All very fine and well, you might say — but just how would a nationalized oil-and-gas industry deal with the current crisis differently?

In the first place, in a nationalized scheme, unexpected price fluctuations can be more easily buffered by the state. The beneficiaries will be those whose livelihoods depend upon the availability of oil and gas, rather than the big energy companies.

A nationalized industry can also be both mandated to conserve energy and ordered to divert money into R&D for sustainable alternatives. It will have no fears about competing with its own new energy-saving products. Moreover, a state-run industry can weigh the benefits and costs of exploration against the interests of citizens, instead of merely return on investment.

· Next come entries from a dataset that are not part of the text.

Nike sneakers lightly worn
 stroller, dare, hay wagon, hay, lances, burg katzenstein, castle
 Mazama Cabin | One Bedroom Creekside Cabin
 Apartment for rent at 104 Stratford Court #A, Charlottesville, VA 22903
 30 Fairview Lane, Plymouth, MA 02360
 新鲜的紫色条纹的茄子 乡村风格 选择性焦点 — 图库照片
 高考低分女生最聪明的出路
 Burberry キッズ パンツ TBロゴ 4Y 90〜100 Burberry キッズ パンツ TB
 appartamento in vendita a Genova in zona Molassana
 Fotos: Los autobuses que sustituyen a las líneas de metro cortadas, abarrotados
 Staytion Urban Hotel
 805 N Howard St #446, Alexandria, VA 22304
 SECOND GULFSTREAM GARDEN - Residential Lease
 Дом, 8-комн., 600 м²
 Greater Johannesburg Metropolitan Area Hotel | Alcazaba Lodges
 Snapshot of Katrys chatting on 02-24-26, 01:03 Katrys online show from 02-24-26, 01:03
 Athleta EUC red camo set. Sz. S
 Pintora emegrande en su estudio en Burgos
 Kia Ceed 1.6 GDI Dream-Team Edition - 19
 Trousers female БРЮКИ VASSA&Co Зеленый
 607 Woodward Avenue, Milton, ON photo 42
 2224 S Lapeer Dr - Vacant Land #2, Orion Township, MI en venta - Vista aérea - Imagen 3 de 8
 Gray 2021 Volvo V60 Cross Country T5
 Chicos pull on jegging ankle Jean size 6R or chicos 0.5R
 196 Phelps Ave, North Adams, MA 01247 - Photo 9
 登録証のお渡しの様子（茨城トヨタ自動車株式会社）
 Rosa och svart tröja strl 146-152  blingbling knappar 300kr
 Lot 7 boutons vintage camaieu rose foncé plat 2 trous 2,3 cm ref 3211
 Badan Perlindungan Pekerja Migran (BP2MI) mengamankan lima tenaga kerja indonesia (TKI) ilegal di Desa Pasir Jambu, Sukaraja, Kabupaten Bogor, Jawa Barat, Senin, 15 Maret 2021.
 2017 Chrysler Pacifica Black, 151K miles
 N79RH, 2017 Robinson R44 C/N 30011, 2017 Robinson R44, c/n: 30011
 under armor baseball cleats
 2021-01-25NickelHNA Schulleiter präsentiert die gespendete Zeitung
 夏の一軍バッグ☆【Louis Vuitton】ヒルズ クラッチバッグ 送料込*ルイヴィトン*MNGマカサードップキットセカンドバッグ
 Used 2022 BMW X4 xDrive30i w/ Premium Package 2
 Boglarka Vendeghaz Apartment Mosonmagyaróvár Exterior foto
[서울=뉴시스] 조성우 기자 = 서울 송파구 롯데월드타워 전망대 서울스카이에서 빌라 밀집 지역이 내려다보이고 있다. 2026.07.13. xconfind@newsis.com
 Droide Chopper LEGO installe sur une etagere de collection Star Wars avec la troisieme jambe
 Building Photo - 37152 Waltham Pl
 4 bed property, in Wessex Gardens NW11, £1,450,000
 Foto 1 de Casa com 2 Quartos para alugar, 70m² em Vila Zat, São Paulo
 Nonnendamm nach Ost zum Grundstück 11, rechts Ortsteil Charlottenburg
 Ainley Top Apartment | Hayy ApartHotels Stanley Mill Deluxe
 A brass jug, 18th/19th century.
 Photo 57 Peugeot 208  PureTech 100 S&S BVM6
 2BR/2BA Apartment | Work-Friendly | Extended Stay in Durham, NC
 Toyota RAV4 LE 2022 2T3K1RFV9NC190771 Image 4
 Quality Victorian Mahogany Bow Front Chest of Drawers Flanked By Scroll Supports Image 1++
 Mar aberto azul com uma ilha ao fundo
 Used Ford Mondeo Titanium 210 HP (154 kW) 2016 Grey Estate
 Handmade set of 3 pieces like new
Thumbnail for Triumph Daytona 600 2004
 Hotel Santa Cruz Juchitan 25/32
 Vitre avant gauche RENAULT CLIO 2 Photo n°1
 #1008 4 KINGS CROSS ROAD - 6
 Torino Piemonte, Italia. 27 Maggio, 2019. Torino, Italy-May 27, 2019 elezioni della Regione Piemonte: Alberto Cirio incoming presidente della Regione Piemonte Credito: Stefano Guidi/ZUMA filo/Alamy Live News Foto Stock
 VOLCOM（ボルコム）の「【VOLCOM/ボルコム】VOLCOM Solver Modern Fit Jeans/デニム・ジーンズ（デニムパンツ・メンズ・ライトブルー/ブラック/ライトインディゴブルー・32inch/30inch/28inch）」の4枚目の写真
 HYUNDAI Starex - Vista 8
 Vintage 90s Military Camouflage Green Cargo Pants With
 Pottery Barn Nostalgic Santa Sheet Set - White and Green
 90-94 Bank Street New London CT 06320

Granted, this is a made-in-Canada solution for what is in reality a world-wide energy crisis. But we hasten to add that other countries — Venezuela, for example — are offering their own solutions. Clearly Canada must stand with other nations against the U.S. solution — an endless series of wars in the Middle East and other oil-producing regions to maintain an iron grip on the world’s increasingly scarce supply of oil.